• _WORK INSTRUCTIONS_
Return all of the data exactly, omitting any images.

• _SUPPLIED MATERIAL_
########
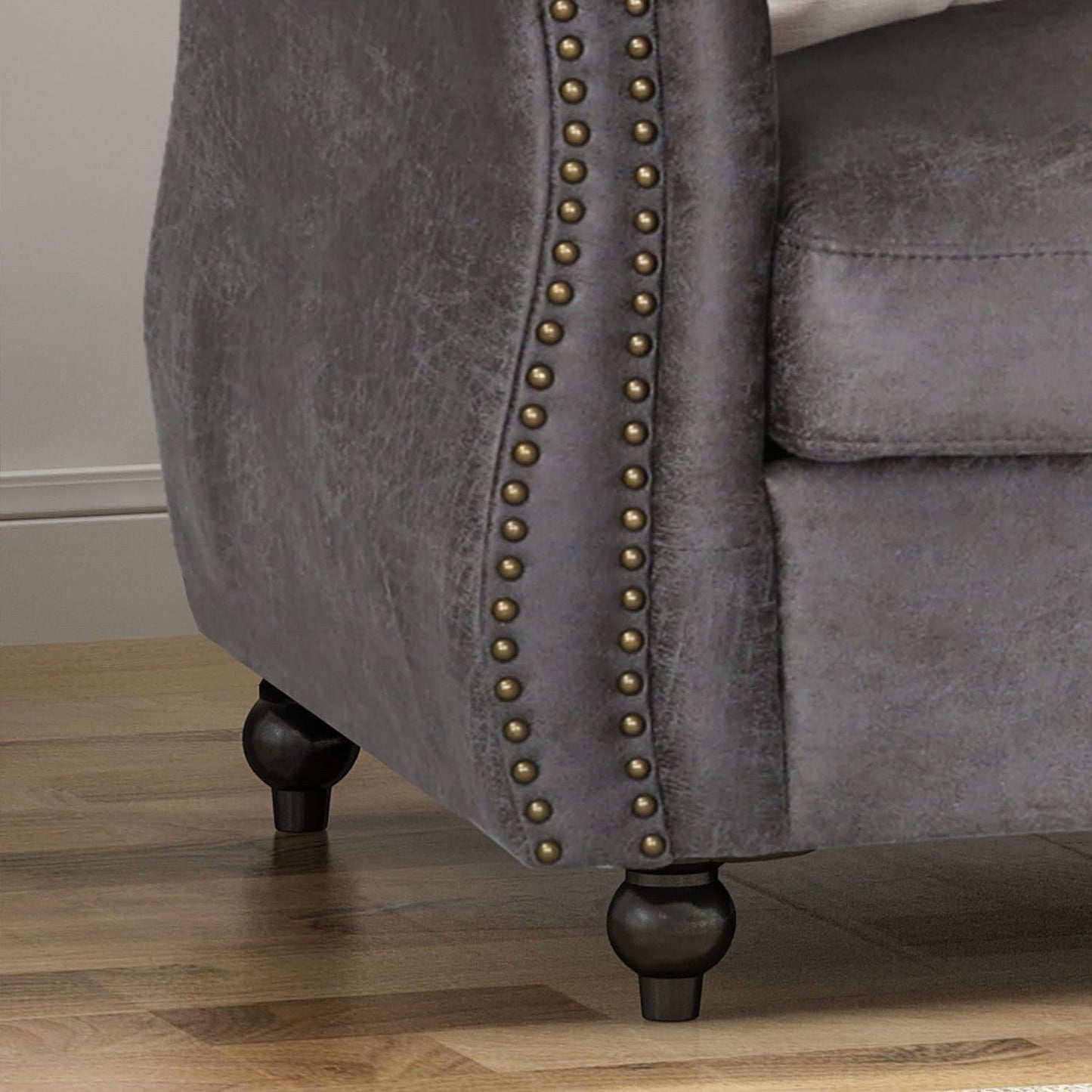 84.5'' Velvet 3-Seater Sofa with Soft Fabric, Generous Seating, and Lightweight Structure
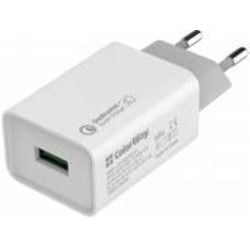 Сетевое зарядное устройство ColorWay 1USB Quick Charge 3.0 18W (CW-CHS013Q-WT)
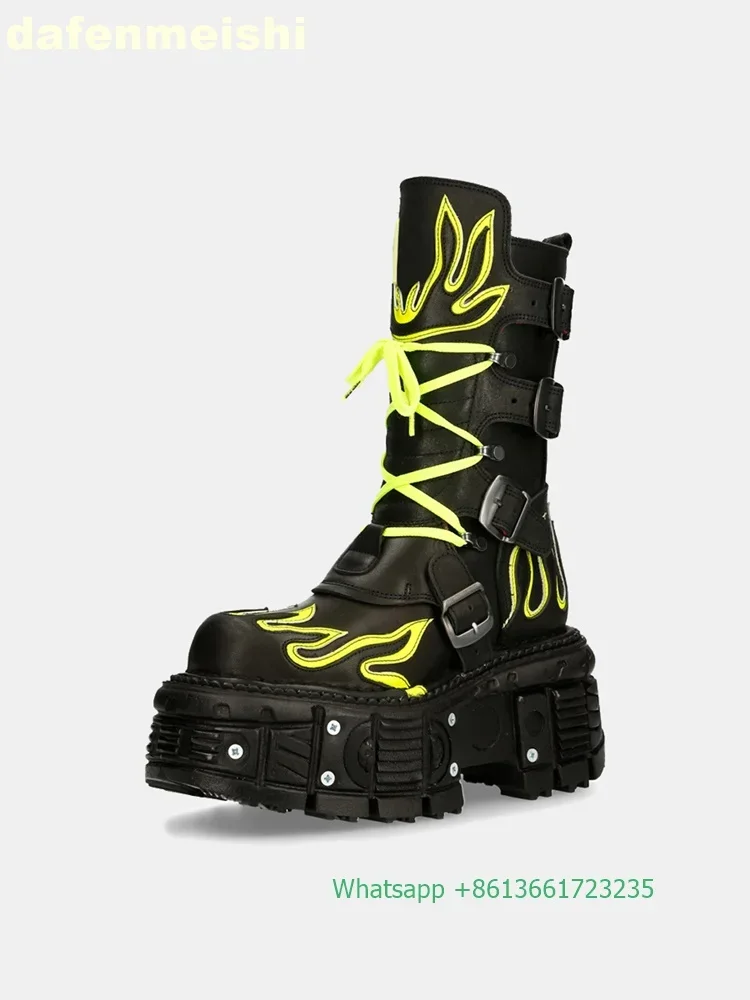 Retro Dark Style Punk Motorcycle Boots Flame Thick-Soled Boots Men/women Fashion Rock Boots Lace Up Belt Buckle Mid-Calf Boots view 4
########
• _TASK OUTPUT_
 84.5'' Velvet 3-Seater Sofa with Soft Fabric, Generous Seating, and Lightweight Structure
 Сетевое зарядное устройство ColorWay 1USB Quick Charge 3.0 18W (CW-CHS013Q-WT)
 Retro Dark Style Punk Motorcycle Boots Flame Thick-Soled Boots Men/women Fashion Rock Boots Lace Up Belt Buckle Mid-Calf Boots view 4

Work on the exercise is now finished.